In addition, the lock element 10 is located with a force fit between the two insulating elements 4, where the lock element 10 substantially has a fibre course which extends from the building wall 2 to the facade cladding 6. On its end face 12 facing the facade cladding 6, the lock element 10 has a layer 13 formed in one piece with the lock element 10, which also consists of mineral fibres and binders but has an elevated bulk density compared with the lock element 10.
It can furthermore be identified in FIG. 1 that on its two surfaces facing the insulating elements 4, the lock element 10 has a lining 14 made of a film having low frictional resistance.
Located between the end face of the lock element 10 and the inner surface 15 of the facade cladding 6 is a spacer element 16 which is shown in detail in FIG. 7.

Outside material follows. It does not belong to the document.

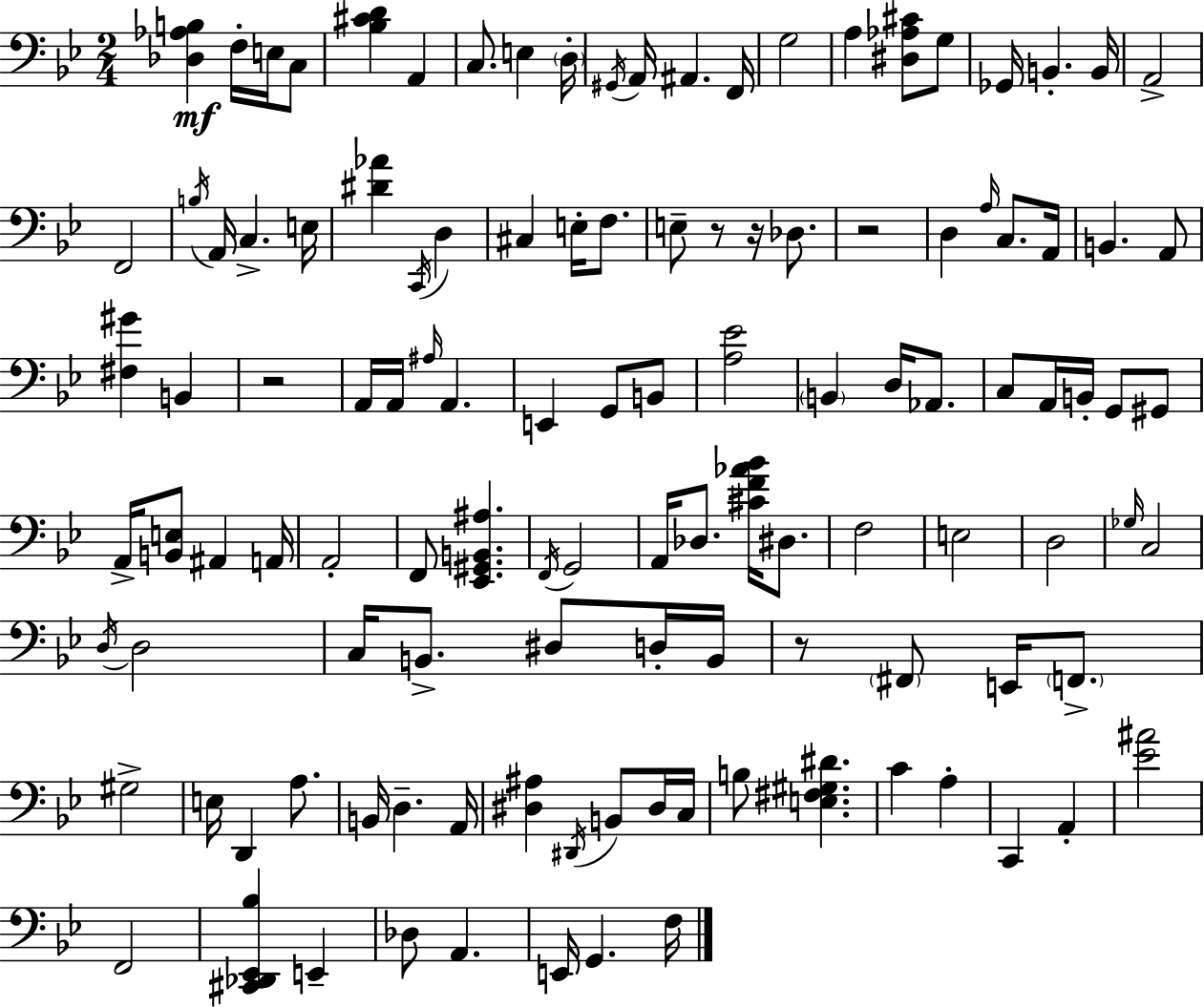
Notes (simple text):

The spacer element 16 consists of a screw element 17 with a threaded section 18 and a head 19 located on the opposite end which has an enlarged diameter compared with the threaded section 18. The screw element 17 passes through a pressure plate 20 which in the mounted state rests on the end face of the lock element 10. At a distance consistent with the material thickness of the pressure plate 20 the screw element 17 has nipple-shaped projections so that the pressure plate 20 which can be pushed over the nipple-like projections 21 under the application of a certain force, is held in a fixed position between these projections 21 and the head 19.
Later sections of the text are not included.